RBI governor Shaktikanta Das said on Friday during the MPC review meet that the risk weights for individual housing loans were rationalised in October 2020 by linking them only with loan to value (LTV) ratios for all new housing loans sanctioned up to March 31, 2022.
Recognising the importance of the housing sector and its multiplier effects, it has been decided to extend the applicability of these guidelines till March 31, 2023. This will facilitate higher credit flow for individual housing loans.

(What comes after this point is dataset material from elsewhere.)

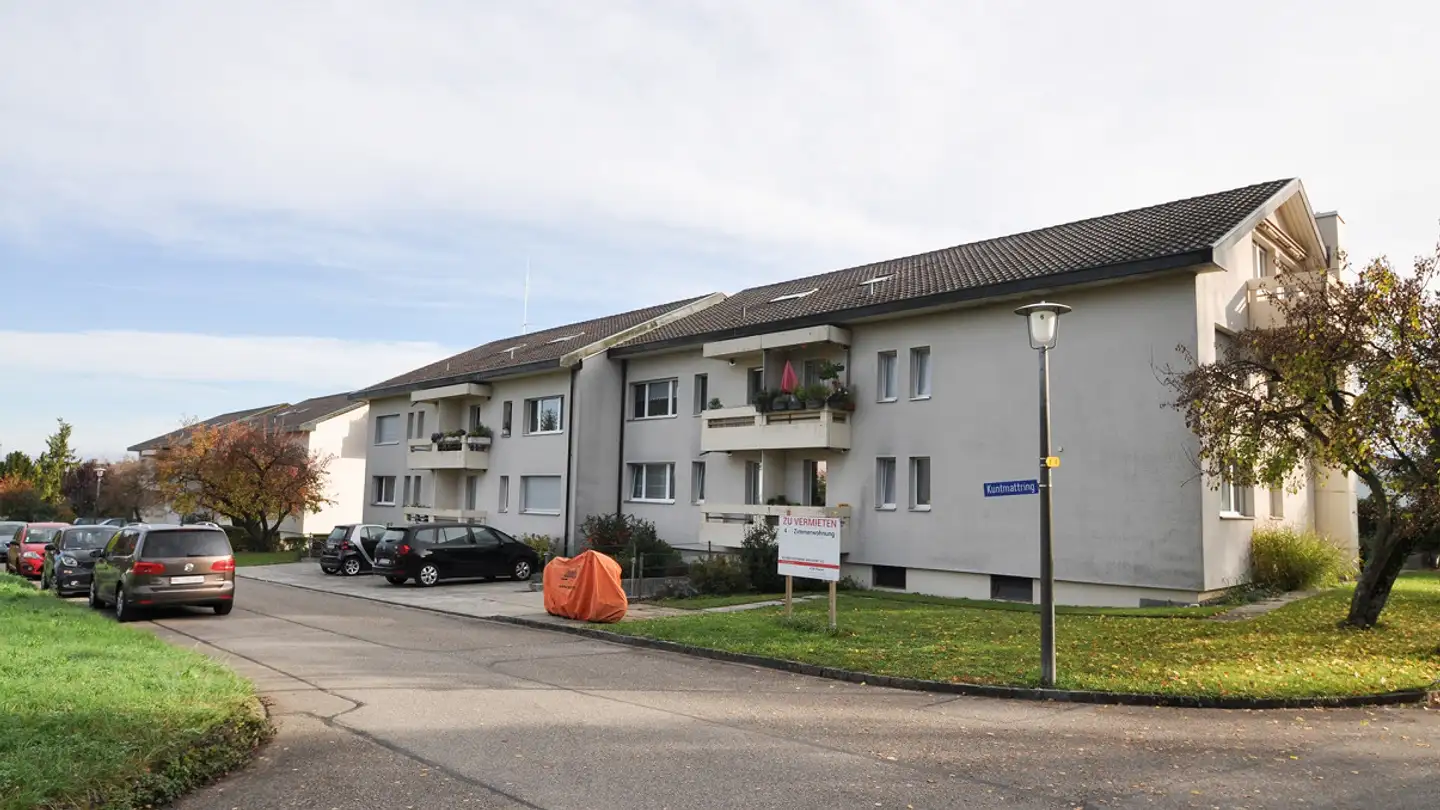 Appartamento in affitto - Kuntmattring 31, 4107 Ettingen - Foto 2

With a view to enabling banks to better manage their investment portfolio during 2022-23, RBI has decided to enhance the present limit under Held to Maturity (HTM) category from 22% to 23% of NDTL till March 31, 2023. RBI has decided to allow banks to include eligible SLR securities acquired between April 1, 2022, and March 31, 2023, under this enhanced limit.
The HTM limits will be restored from 23%to 19.5% in a phased manner starting from the quarter ending June 30, 2023.

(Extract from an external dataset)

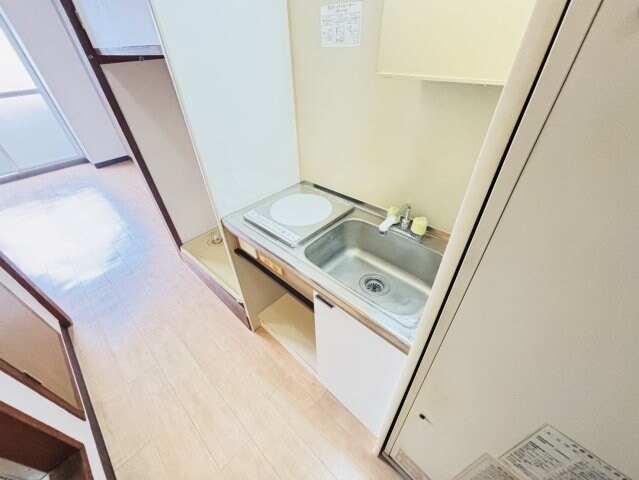 物件内観写真5　(別号数タイプ)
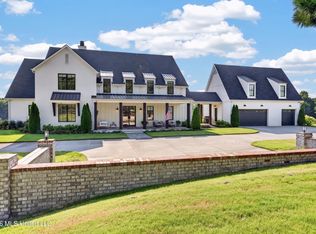523 N Slayden Rd, Lamar, MS 38642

A discussion paper on ‘Climate Risk and Sustainable Finance’ will be published shortly for feedback.
“Despite the sharp jump in crude oil and other commodity prices, we expect the 8% current account deficit to remain at sustainable levels which can be financed with normal capital flows. Our foreign exchange reserves stand at $606.5 billion as on April 1, 2022. The RBI remains committed to maintaining orderly conditions in the domestic financial markets,” Das said.